Book loving kids (and adults) have a new story to love. "Inkheart" is a grand adventure, pulling in evil villains, eccentric aunts, a plucky heroine, and a novel's worth of literary references to give a whole new generation its own "Neverending Story." Yeah, there was that OTHER film where stories come to life (you know, with Sandler and a guinea pig), but where that one was cute in its way, this magical little movie embraces the very art of storytelling and writing - not to mention reading-in a fairytale of love, adventure, and the wonder of fiction.
We first meet Mortimer "Mo" Folchart (Brendan Fraser) as he reads the classic story of "Little Red Riding Hood" aloud to his daughter - prompting a lovely red riding hood to float down from the sky. Twelve years later, "book doctor" Mo and his daughter Meggie (Eliza Bennett) are perusing a marketplace in Germany where Mo has plans to search an old bookshop for a mysterious book that has eluded him for years - a paperback, we discover, called "Inkheart." Seems Mo is a Silvertongue - when he reads, he can bring things out of the book he's reading (twelve years ago, he brought out some of the characters in "Inkheart"), but someone else goes in (his wife Resa went in). What ensues is an exciting adventure in which Mo, Meggie, and a cast of friends and family work against evil villains and frightening shadow-y things to save Resa and the world. Yay books!
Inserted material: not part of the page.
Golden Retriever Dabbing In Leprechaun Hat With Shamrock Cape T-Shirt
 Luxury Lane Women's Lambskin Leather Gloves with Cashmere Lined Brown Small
Now, having said that, I never read the original series of books by Cornelia Funke, so I can't say if this adaptation is anywhere near faithful. What I can say is this is a movie for the little bookworm writer girl I used to be. How fantastic is it to not only imagine that writing and reading can create real Totos and Arabian thieves, but that characters are living, breathing entities with lives and loves of their own that go on long after we've closed their pages? Fraser is always a good hero, and Bennett is a surprisingly natural, smart young lady who never comes off too precocious or too cool - she's a book girl, too. I think the story goes to Paul Bettany as Dustfinger, who conveys a depth of character that's both heroic and selfish, perfectly embodying a complex man who, even though he's fictional two times over, becomes very real. Everyone is good though - Helen Mirren gets off some great one-liners, and Andy Serkis is quite evil. There's never a slow down in the action, the visual effects never go over the top, and even though there's a set up for a sequel, it doesn't feel like that's the whole point, which is often the case in these types of films.
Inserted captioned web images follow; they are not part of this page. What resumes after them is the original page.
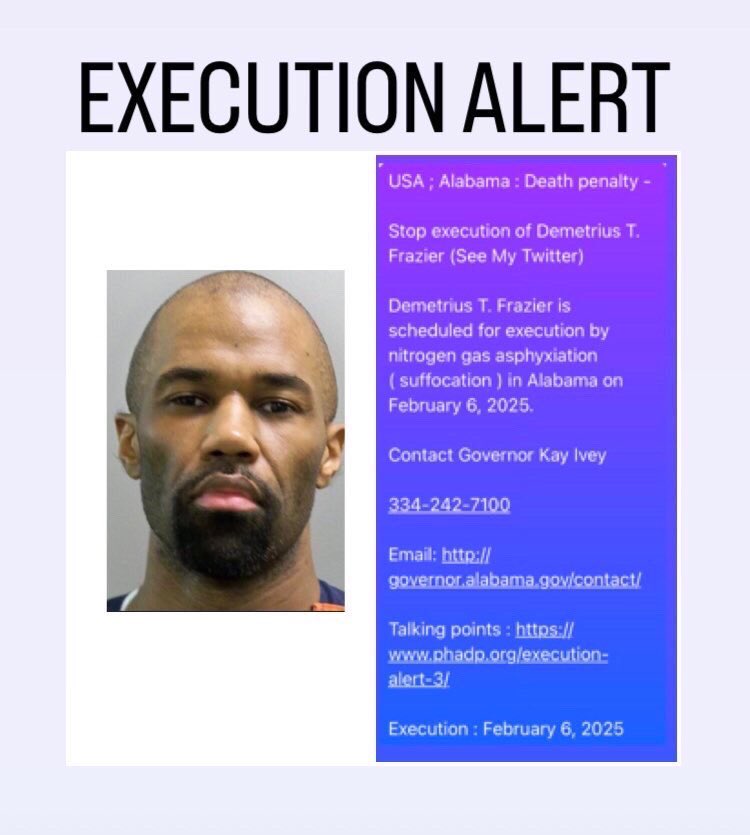 Attika_t's tweet photo. #Alabama

Stop execution of #DemetriusFrazier (See My Twitter)

Contact Governor Kay Ivey
 
334-242-7100

Email: https://t.co/utzRwpDG45

Talking points : https://t.co/HBNbCZpfLH

Execution : February 6, 2025 https://t.co/byWLU3TQL1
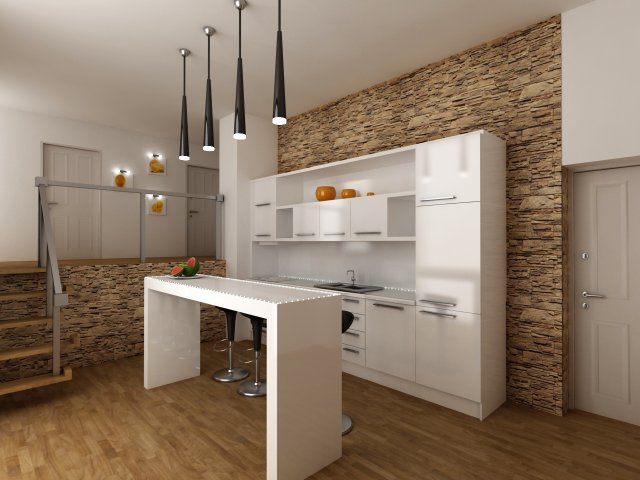 white kitchen 3D Model .c4d .max .obj .3ds .fbx .stl .blend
Unfortunately for DVD audiences, we don't get nearly as much as those Blu-ray guys. The only Special Feature is a reading by the very talented Bennett of her favorite part of the source material that didn't make it into the movie, accompanied by illustrations from Funke herself. It's a nice extra, especially for fans of the book, but again, it's the ONLY extra, and with a film this rich in story, effects, cast, and literary history, it's a disappointment.
Despite a lackluster Extras package, "Inkheart" is a terrific modern fairytale that will grab your imagination and make you want to read a really good story - or better yet, right one.